Teknologi pengemasan berkembang dengan pesat sejalan dengan perkembangan
ilmu pengetahuan dan peradaban manusia. Berbagai jenis kemasan dengan berbagai
corak, warna, dan fungsinya terus berkembang seiring dengan tuntutan kebutuhan akan
produk pangan yang berkualitas di pasaran. Namun, sejauh ini dapat dikatakan bahwa
sebagian fokus pengembangan lebih banyak terarah kepada pengembangan kemasan
yang belum ramah lingkungan.
Edible film merupakan salah satu jenis kemasan yang masih belum berkembang
seperti plastik dan sejenisnya. Meskipun berbeda dengan kemasan yang telah umum
selama ini, perannya sangat penting dalam mempertahankan mutu produk pangan dan
mengurangi pencemaran lingkungan. Sejauh ini aplikasi edible film dapat ditemukan
sebagai pelapis pada berbagai jenis buah-buahan. Bahan dasar utama untuk produksi
edible film masih didominasi oleh sumber-sumber pertanian seperti tepung ubi, kedelai,
gandum dan lain sebagainya. Sementara itu, sumber bahan baku edible film dari produk
peternakan masih belum berkembang. Susu sebagai produk hasil peternakan dapat
menjadi sebuah pilihan dalam rangka penganekaragam edible film.
Dalam pembuatan edible film diperlukan adanya plasticizer yang dapat
menghindari keretakan selama proses penanganan dan penyimpanan. Penambahan
plasticizer berguna untuk mengatasi sifat rapuh, mudah patah, dan kurang elastis film
(Krochta, Baldwin dan Nisperos-Carriedo, 1994). Plasticizer yang sudah biasa
digunakan adalah sorbitol. Berdasarkan penelitian sebelumnya konsentrasi sorbitol yang
digunakan dalam pembuatan edible film dari bungkil kacang tanah adalah 0.25%.
Sorbitol sebagai pengganti gula dapat bermanfaat dalam menyediakan berbagai
variasi produk rendah kalori dan rendah gula serta memberikan pilihan bebas yang lebih
luas bagi penderita diabetes (Darmawan, 2005). Pemanfaatan sorbitol pada pembuatan
edibel film berbahan dasar susu dirasa perlu dalam rangka pengembangan edible film.
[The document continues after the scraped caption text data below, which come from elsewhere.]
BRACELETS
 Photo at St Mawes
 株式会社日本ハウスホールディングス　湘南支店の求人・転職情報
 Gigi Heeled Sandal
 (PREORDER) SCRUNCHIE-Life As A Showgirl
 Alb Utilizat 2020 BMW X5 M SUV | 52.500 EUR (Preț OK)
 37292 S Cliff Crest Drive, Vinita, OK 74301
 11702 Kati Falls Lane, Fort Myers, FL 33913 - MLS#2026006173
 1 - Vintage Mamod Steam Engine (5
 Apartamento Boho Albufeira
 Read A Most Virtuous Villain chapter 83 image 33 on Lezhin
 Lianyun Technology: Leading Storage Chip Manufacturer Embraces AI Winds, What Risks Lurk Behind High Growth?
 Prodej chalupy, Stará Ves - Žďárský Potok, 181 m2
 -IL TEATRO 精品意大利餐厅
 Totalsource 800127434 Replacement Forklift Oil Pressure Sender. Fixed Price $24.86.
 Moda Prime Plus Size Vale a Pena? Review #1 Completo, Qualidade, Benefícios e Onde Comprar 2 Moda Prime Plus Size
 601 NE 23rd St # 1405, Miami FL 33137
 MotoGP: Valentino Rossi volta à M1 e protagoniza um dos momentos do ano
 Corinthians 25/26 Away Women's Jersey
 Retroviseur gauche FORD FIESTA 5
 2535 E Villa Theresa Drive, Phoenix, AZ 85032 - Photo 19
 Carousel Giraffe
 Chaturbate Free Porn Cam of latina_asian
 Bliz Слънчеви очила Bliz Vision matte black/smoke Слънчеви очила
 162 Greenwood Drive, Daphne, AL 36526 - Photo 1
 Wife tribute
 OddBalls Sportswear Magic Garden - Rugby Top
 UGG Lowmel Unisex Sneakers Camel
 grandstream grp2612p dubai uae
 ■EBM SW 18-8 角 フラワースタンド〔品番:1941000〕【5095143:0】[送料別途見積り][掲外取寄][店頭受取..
Selain plasticizer, pada pembuatan edible film ini biasanya juga ditambahkan
bahan-bahan lain yang berperan sebagai stabilizer (Syarief, Koswara, Haryadi, Adjaya
dan Arpah, 2002). Stabilizer adalah bahan tambahan makanan yang dibatasi
penggunaanya dan biasanya dalam jumlah sedikit. Stabilizer umumnya digunakan untuk
menstabilkan, memekatkan, dan mengentalkan makanan yang dicampur dengan air
untuk membentuk kekentalan tertentu. Stabilizer yang biasa digunakan adalah
carboxymethyl cellulose (CMC).
Carboxymethyl celluloce merupakan satu jenis stabilizer yang selama ini sudah
banyak diaplikasikan pada produk pangan, aplikasi carboxymethyl cellulose dapat
dijumpai pada pembuatan es krim. Penggunaan carboxymethyl cellulose sebagai
stabilizer pada pembuatan edible film berbahan dasar whey diharapkan juga mampu
memberikan efek yang positif nantinya. Carboxymethyl cellulose yang biasa digunakan
pada pembuatan edible film dengan konsentrasi 1.0%.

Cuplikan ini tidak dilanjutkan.